To evaluate the map quality, heat map reflecting the recombination relationship between markers in each LG was generated with CheckMatrix63, and haplotype map mirroring the double crossover were generated by JoinMap 4.0 for each LG respectively (for Version 1.0 map only). A 6-kb sequencing library was constructed and sequenced in paired-ends to evaluate the map quality by Blast searching for neighboring markers using ustacks program (Supplemental Fig. S8). The coding of linkage groups and their corresponding relationships between Version 1.0 and Version 2.0 is shown in Supplementary Table S3. Genome coverage of the newly-built linkage map was estimated with the equation c = 1-e2dn/L, where d is the average interval of markers, n is the number of markers, and L is the length of the linkage map estimated by L = l*(m + 1)/(m − 1) (m is the number of markers in the linkage group)64.

Anchoring contigs from the rose genome assemblies to the linkage map

The OB genome was recently obtained from doubled-haploid plants using single-molecule real-time sequencing6,10. To verify the collinearity between our genetic map and the reference genomes and to place more contigs to the pseudo-chromosomes, we anchored the contigs to the linkage map using RAD-tag markers. Initially, all markers from the high density genetic map were searched on the genome assembly with BLAST + 2.6.0 to integrate contig sequences65. Full genome sequence was downloaded from Genome Database for Rosaceae (https://www.rosaceae.org). The marker sequences were blast searched against contigs with a cutoff E-value of 10−15. If a query hit one contig, the contig was assigned to the LG; if a query hit two or more contigs with a less than two-fold difference in the E-value, we did not assign any of these contigs. In cases where a contig was hit by multiple markers from different linkage groups, the contig was assigned to LGs with more than 2/3 markers. Inconsistency between the LGs and the pseudo-molecules of the assemblies was used to detect chromosome rearrangement events. Finally, total length of contigs anchored to the LGs was calculated. Collinearity information was generated using Circos software66.
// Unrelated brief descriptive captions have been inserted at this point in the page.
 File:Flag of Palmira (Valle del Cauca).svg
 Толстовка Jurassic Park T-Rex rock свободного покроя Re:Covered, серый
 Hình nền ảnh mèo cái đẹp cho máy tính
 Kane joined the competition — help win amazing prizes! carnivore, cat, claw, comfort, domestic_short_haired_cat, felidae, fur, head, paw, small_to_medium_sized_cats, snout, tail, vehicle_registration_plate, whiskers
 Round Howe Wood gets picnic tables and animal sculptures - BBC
To identify centromeric contigs, we aligned the 13 centromeric repeat sequences identified by Raymond et al.6 using Blast67. Gene and transposable element (TE) annotations were retrieved for both genome assemblies. We filtered out TEs classified as “putative host genes”, and discarded gene annotations having their exons overlapped by TE annotations on more than 30% of their length. We also identified chloroplastic and mitochondrial contigs from Hibrand Saint-Oyant’s genome by comparing them to reference sequences CM009590.1, KF753637.1, NC_037492.1, NC_032038.1, CM009589.1 and NC_018554.1. For all these features and Blast results, we computed the percentage of the sequence length they were covering (Supplementary Tables S8 and S9).

Sequence comparison with Fragaria vesca

To examine the conservation of synteny between rose and strawberry (F. vesca), the marker sequences of our genetic map were searched against the genome sequences of Fragaria (v1.1 and v4.0.a1 assemblies; http://www.rosaceae.org) using the BLAST + 2.6.0 program with default parameters65. Markers with low quality ratio were excluded: (1) The length of the alignment was less than 100 bp; (2) The hit was found at multiple locations on the scaffolds (potentially corresponding to repetitive elements); (3) E-value < 10−5. Alignments between rose LGs and the strawberry genome were visualized with Circos66.